Whoever wants to get rid of capitalism must go further. One must rid the world and its ideals of all illusions, including the ideals of the Left, including those of the most radical Left – including thus those of the S.I. and May 68.

Revolutionary theory today knows that there is no revolutionary subject. The only subject is capital as an automaton subject, as value, which valorises itself. And this subject - the economy that has become autonomous, what Guy Debord justly used to call “the autonomous movement of the non-living” - transforms each of us into the human resources of its infinite self-reproduction.

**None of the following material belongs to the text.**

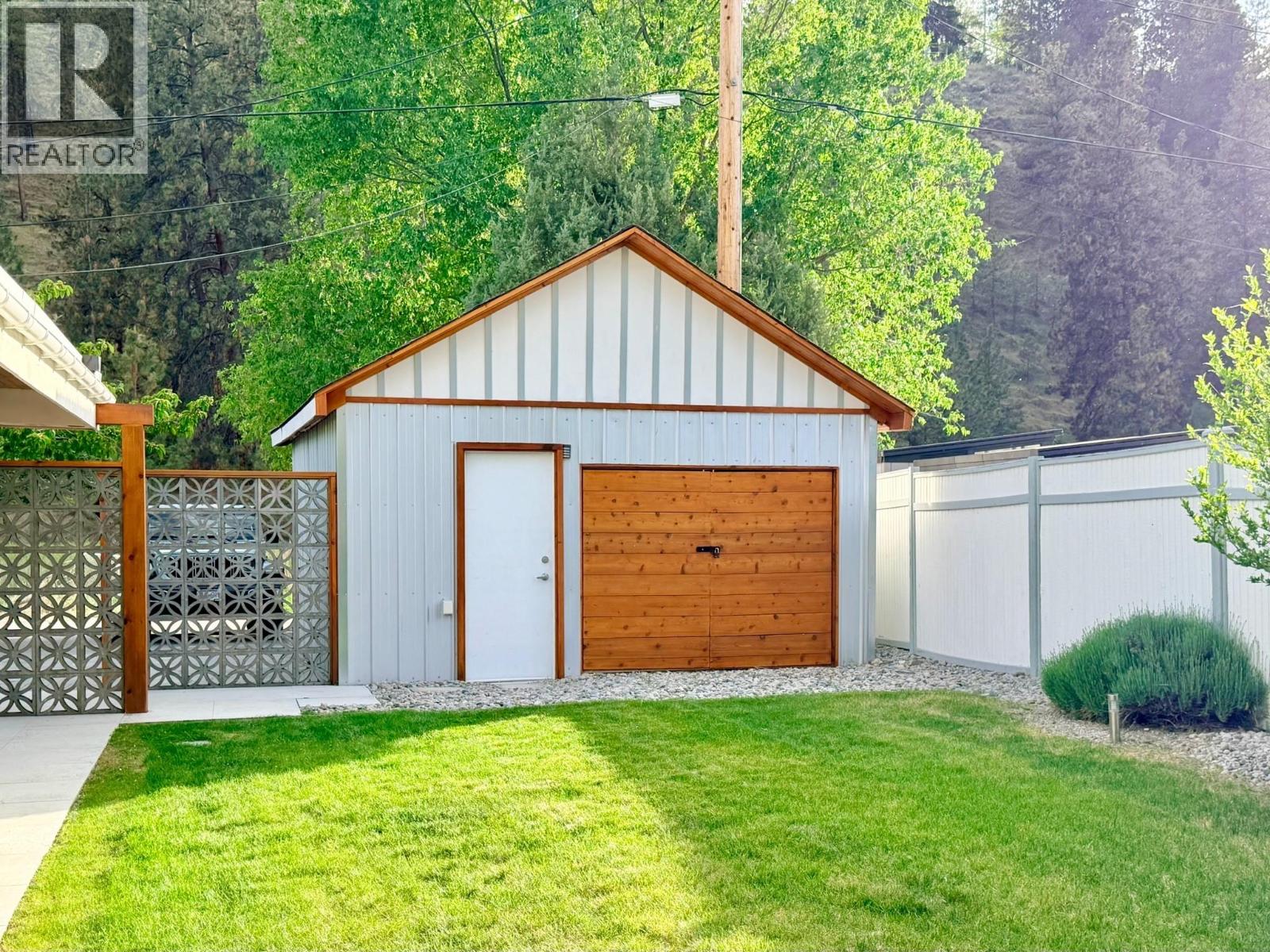 266 Alder Avenue, Kaleden, British Columbia  V0H 1K0 - Photo 88 - 10388029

In 1968 as in 2008, the critique of work must be put centre stage: not as a consequence of the critique of everyday life, but as the heart of the new theory and the new practice. And it must be done in a completely disenchanted, post-
messianic manner. Straight away it must position itself beyond all myths: not only beyond the convention of the sub-critique, beyond the contingencies of realist reformism, beyond the self-satisfaction of the “happy unemployed” who believe themselves to be radical because they benefit from social security. But also, and above all, it must be beyond the S.I., which had based its cause on the revolutionary Subject of history.

It is easy to be done with the corpses that May 68 has already ridiculed and who today act as guarantors of the “spirit of May” (from the good democrat Left to the ex-Maoists, and right up to the anarchists). It is more difficult to be done with the May 68 which lives still, although fossilised: the one that says never work ever. It is even more difficult, in fact, because this old critique still shines. But let’s repeat it, it shines with the light of dead stars. Never work ever: to really be done with work, one must be rid of the idea of the proletariat as revolutionary subject of history. The class struggle is an integral part of the capitalist dynamic: it is not a matter of a struggle between the dominant class and the revolutionary class, but between different interests (although differently powerful) within capitalism.
The question is not to remain faithful to 68, but to be equal to the spirit of May. The only method is to be resolutely outside the system.

Beyond conventions, beyond the contingencies, beyond attachments!